Supplied records:
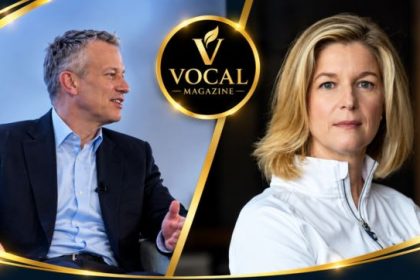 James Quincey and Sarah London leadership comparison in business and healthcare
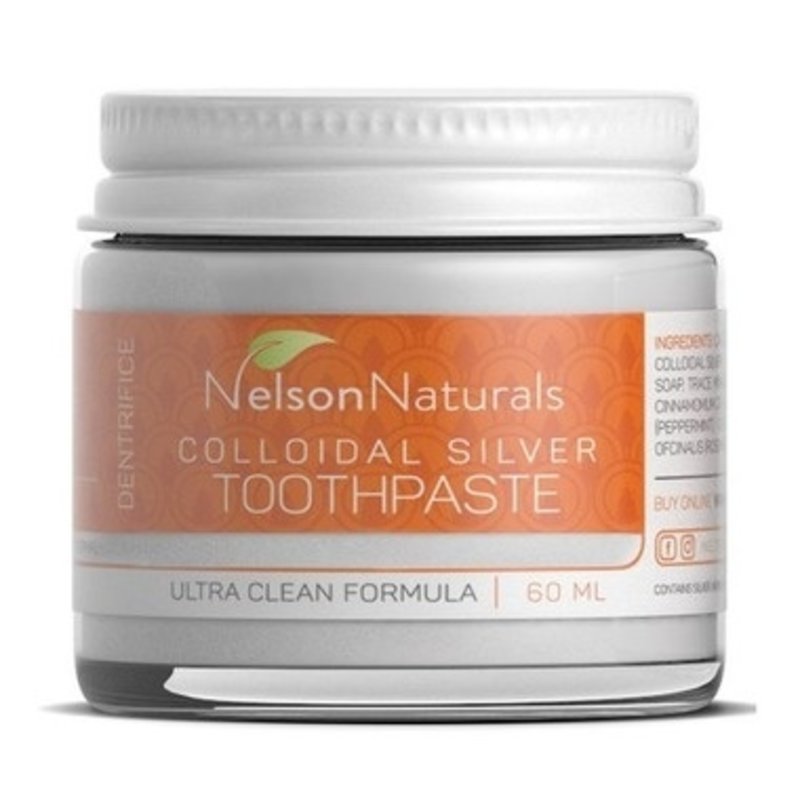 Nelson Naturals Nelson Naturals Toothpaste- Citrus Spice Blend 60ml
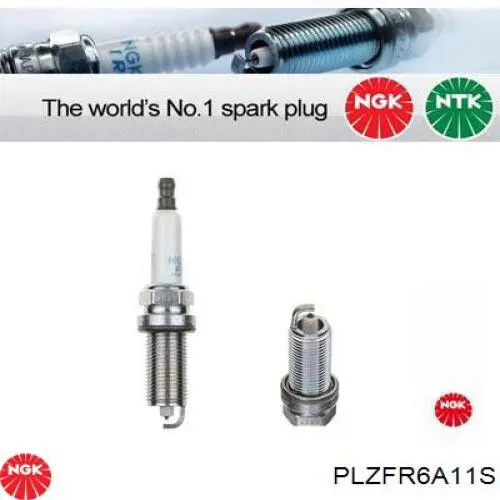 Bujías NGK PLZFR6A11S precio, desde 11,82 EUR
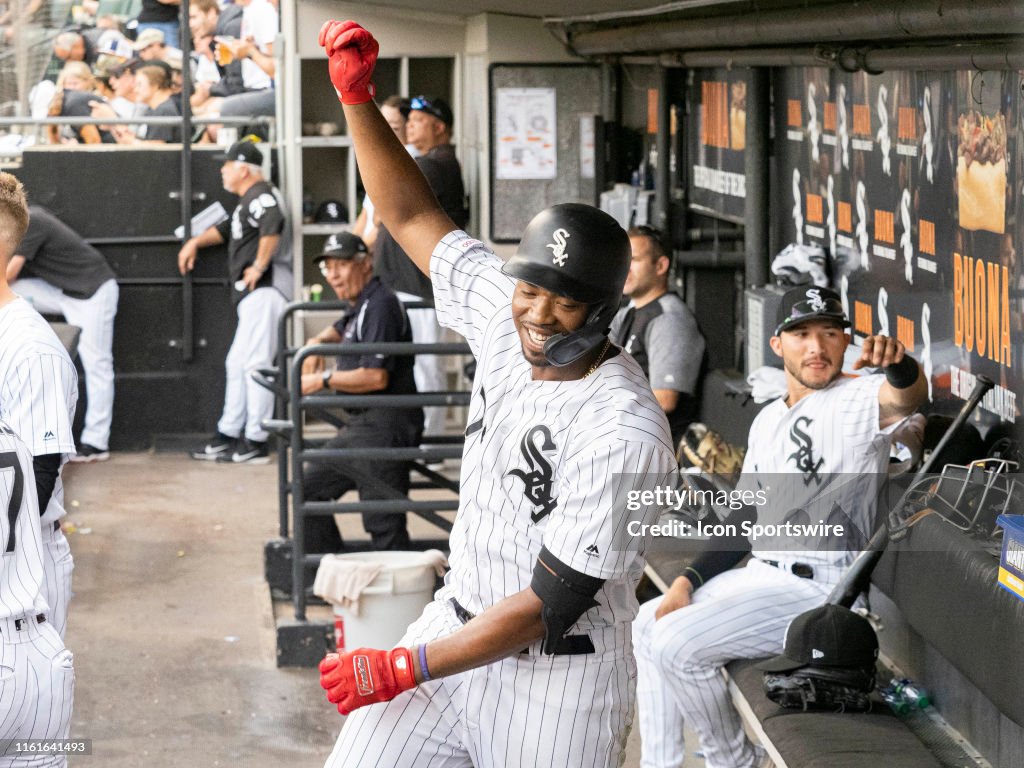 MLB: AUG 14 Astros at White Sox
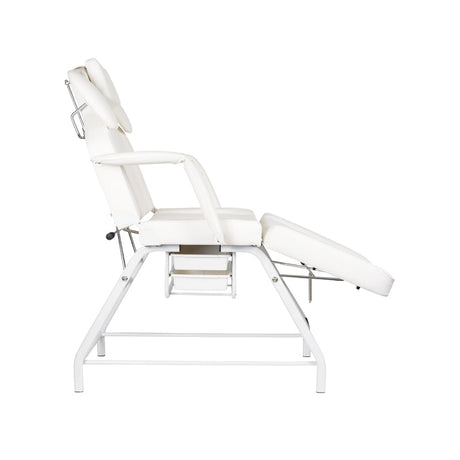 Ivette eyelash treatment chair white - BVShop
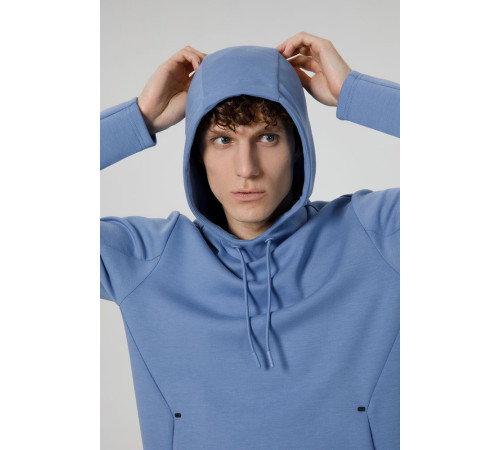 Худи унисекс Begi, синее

What is being asked: Excluding pictures, copy exactly the lines from the line containing "Ivette eyelash treatment" through the last line of the data, inclusive.

Output below:
 Ivette eyelash treatment chair white - BVShop
 Худи унисекс Begi, синее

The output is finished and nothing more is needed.